RIAUTODAYS, Tembilahan - Kasus dugaan pemerasan dan penipuan oleh oknum wartawan di Tembilahan kembali menuai sorotan publik. Polemik muncul terkait apakah tindakan yang dilakukan wartawan tersebut benar-benar tergolong pemerasan dan penipuan atau sekadar transaksi profesional antara kedua pihak.
Terlebih, berita yang beredar menyebutkan adanya kesepakatan antara pihak kepala sekolah dengan wartawan terkait publikasi berita berbayar tanpa unsur paksaan.
Meskipun demikian, kedua wartawan tersebut kini telah ditahan oleh pihak Polres Inhil berdasarkan proses hukum yang sedang berlangsung.

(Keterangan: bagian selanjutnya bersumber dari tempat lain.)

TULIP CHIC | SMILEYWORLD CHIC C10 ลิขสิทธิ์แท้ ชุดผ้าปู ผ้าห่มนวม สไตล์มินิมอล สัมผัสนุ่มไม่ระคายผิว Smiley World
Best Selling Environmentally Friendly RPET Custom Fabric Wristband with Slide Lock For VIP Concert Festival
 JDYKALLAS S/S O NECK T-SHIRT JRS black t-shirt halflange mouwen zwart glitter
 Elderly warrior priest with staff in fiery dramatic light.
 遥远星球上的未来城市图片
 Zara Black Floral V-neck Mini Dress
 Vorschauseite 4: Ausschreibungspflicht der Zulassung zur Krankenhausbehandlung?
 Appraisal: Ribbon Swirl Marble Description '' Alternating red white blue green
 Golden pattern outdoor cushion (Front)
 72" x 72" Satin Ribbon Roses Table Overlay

Penahanan ini menuai beragam reaksi, terutama dari rekan-rekan media yang mempertanyakan kesesuaian kasus tersebut dengan nota kesepahaman (MoU) antara Kapolri dan Dewan Pers, yang mengatur penanganan perkara wartawan dalam masalah pemberitaan.
Beberapa pihak menyebut ini sebagai kriminalisasi terhadap pers, sementara lainnya menganggap kasus ini merupakan pidana murni.
Pernyataan dari seorang advokat bernama Maryanto, SH yang mendukung langkah Polres Inhil sebagai langkah yang sudah sesuai prosedur, menimbulkan respon dari Andang Yudiantoro, SH, MH, advokat yang mewakili salah satu wartawan dalam kasus ini.
Menanggapi pernyataan tersebut, Andang mengatakan bahwa komentar Maryanto hanya normatif dan seharusnya Maryanto lebih fokus kepada alasan pelaporan oleh kliennya, Kepala Sekolah SMPN 1 Tembilahan Hulu, daripada ikut mengomentari tindakan aparat kepolisian.
“Pernyataan Maryanto itu normatif menurut saya, tidak ada yang luar biasa. Malah terkesan aneh karena beliau adalah pengacara kepala sekolah, bukan pihak kepolisian. Cukuplah Humas Polres atau Kasat Reskrim yang menjelaskan soal penegakan hukum di Polres,” ujar Andang. Pernyataan tersebut diiringi tawa beberapa wartawan yang tengah berbincang santai dengannya.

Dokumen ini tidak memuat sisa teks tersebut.